Prima di esigere il rispetto del mondo, per una volta
dovreste provare a rispettare noi. Almeno quelli – e siamo tanti – che il
rispetto per voi, per i buffoni, per la mafia, e per lo stato l’han perso da un
pezzo.
Rita Pani (APOLIDE)
2.27.2013
Ma ti rendi conto?
“Sa
qual è l’anagramma di Antonio Ingroia? ‘Ora ti inganno’. Ingroia era davvero la
figura più inquietante di queste elezioni, pensi che voleva fare una legge per
arrestare gli evasori fiscali. Ma si rende conto? Qui, andiamo tutti in galera!”
marcello dell’utri … statista condannato mafioso
È che
dovrei spiegarlo al mio amico, studioso americano, col quale da anni, nelle
occasioni in cui l’Italia si veste a festa per il derby elettorale, intrattengo
una relazione epistolare divertente, inquietante, mortificante e troppo spesso
umiliante: il perché.
Puntuale
come la morte, anche questa volta Michael ha inviato la sua mail, candida e
divertita, una riga e mezza scarna che finiva con OMG (Oh My God!)
Proprio
OMG my dear friend … Organismi Modificati Geneticamente.
Sto
raschiando anche io il fondo del barile, alla ricerca di parole che non trovo,
che hanno perso senso e che soprattutto non servono più.
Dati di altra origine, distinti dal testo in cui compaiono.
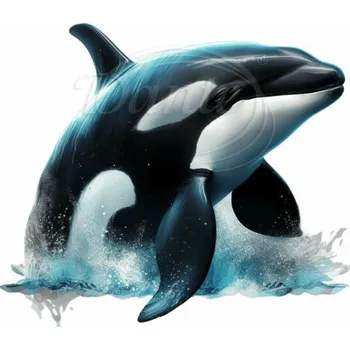 Textilní nažehlovací páska Dante Nažehlovačka Kosatka skáče - 6 x 6 cm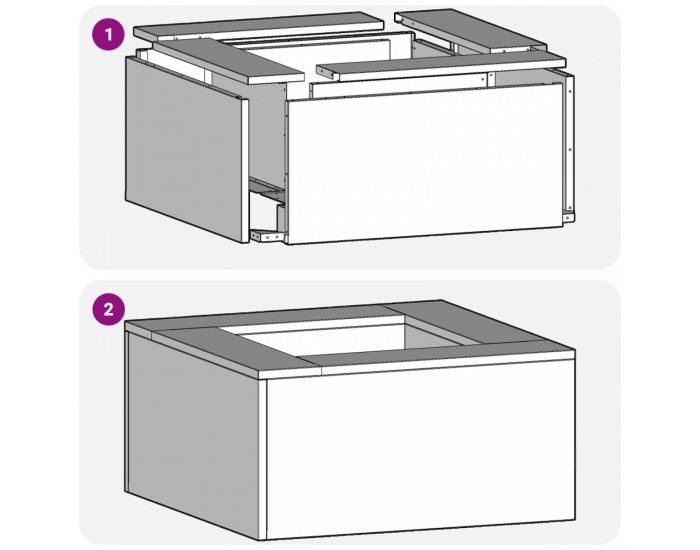 Sonata H Кладенец Черен 80x80x40 см Стомана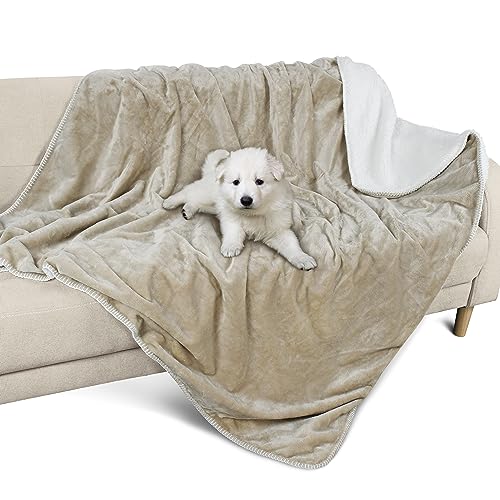 Pawsee wasserdichte Hundedecke mit Pfotenabdruck, pinkelfeste Fleece-Sherpa-Decke für den Schutz des Schlafsofas, waschbarer Wendemöbelschutzbezug, 150 x 130 cm, Taupe von Pawsee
Sono lise, consumate,
persino ammuffite, troppo usate, sempre le stesse che non calzano più. E
nemmeno se ne possono inventare di nuove, perché non c’è più nemmeno la
fantasia.
Dovrei
inventarmi una storia di fantascienza, una di quelle che finiscono bene, con un
mare di cadaveri alieni da incendiare, che se spremuti lasciando andare dello
schifosissimo liquido verde, ma non è così. I giornali anche oggi continuano a
parlare della “sorpresa Grillo”, e a questo punto mi sorge il dubbio che sia
io, quella finita nell’universo parallelo sbagliato, e che il giusto sia tutto
dall’altra parte. Noi degli alieni non ci libereremo mai, anzi, ne faremo
venire avanti altri.
Mi
sento al contrario, perché sì, lo ammetto, per me la sorpresa sono i numeri di
un partito come quello di cui fa parte l’esimio esponente mafioso che ho su
citato.
Come
glielo spiego, al mio amico americano, che anni e anni di sfottò non erano poi
sbagliati? Che in fondo non siamo cambiati molto dal baffo nero, la pizza e il
mandolino? Perché quello è. La
Lombardia che elegge il padrino del Trota alla sua
presidenza, non è forse perfettamente “italiano”?
Una
Calabria devastata dall’incuria, dalla povertà che non riconosce i suoi figli
migliori (gente che vorrebbe tagliarsi i baffi) che elegge scilipoti, con quali
parole si potrebbe spiegare al mio amico divertito? O L’Aquila che rivota quel
tizio malavitoso, che ha fatto scempio del danaro destinato alla ricostruzione
post terremoto, e che ha promesso la restituzione dell’IMU anche a chi da anni
una casa non l’ha più, e vive ancora guardando le macerie di quel che resta
immobile, come lo stato, come la vita che al massimo frana, ma non vive più. …
Caro
Michael, non so che dirti. Purtroppo in questo momento l’Italia è molto
preoccupata per le sorti del Papa Emerito, al quale sarà proibito vestirsi di
bianco, mentre risalirà il monte a cui Dio lo ha chiamato. Le elezioni passano
in secondo piano, rispetto alla gravità della situazione vaticana, e mentre si
fa incetta di biglietti aerei per Roma, in modo tale da avere la fortuna di
assistere alla fumata bianca, attendiamo speranzosi la diretta televisiva dell’entrata
dei Cardinali nella Cappella Sistina, che per fortuna, essendo di proprietà
della chiesa, ancora non è crollata.
Ecco.
Mi sa che me la sfango così.
Rita
Pani (APOLIDE)
2.25.2013
Riflessioni a bassa voce
L’Italia è un paese in cui i giudici anti mafia sono stati
massacrati. A volte ridotti in pezzi così piccoli da dover essere raccolti con
cura e delicatezza. Staccati dai muri. Si ricordano i giudici ammazzati una
volta all’anno, in ricorrenza dei tristi anniversari. Sono quei giorni in cui
il pensiero altrui viaggia veloce sui social network e ci ricordano di
ricordare. È un appello al quale poi, tutti ci sentiamo di partecipare. Poi
dimentichiamo.
L’Italia è un paese in cui i giudici antimafia, da sempre
saltano per aria con le loro scorte, con le loro famiglie, nelle loro case, eppure
… si può rompere il silenzio elettorale proprio raccontando ai giornalisti, che
in Italia, la magistratura è peggio della mafia. Si può anche continuare a
votare chi insieme a qualche suo sodale, più volte è stato almeno sospettato d’aver
fatto parte di quel gruppo che poi, i giudici, li ha fatti esplodere.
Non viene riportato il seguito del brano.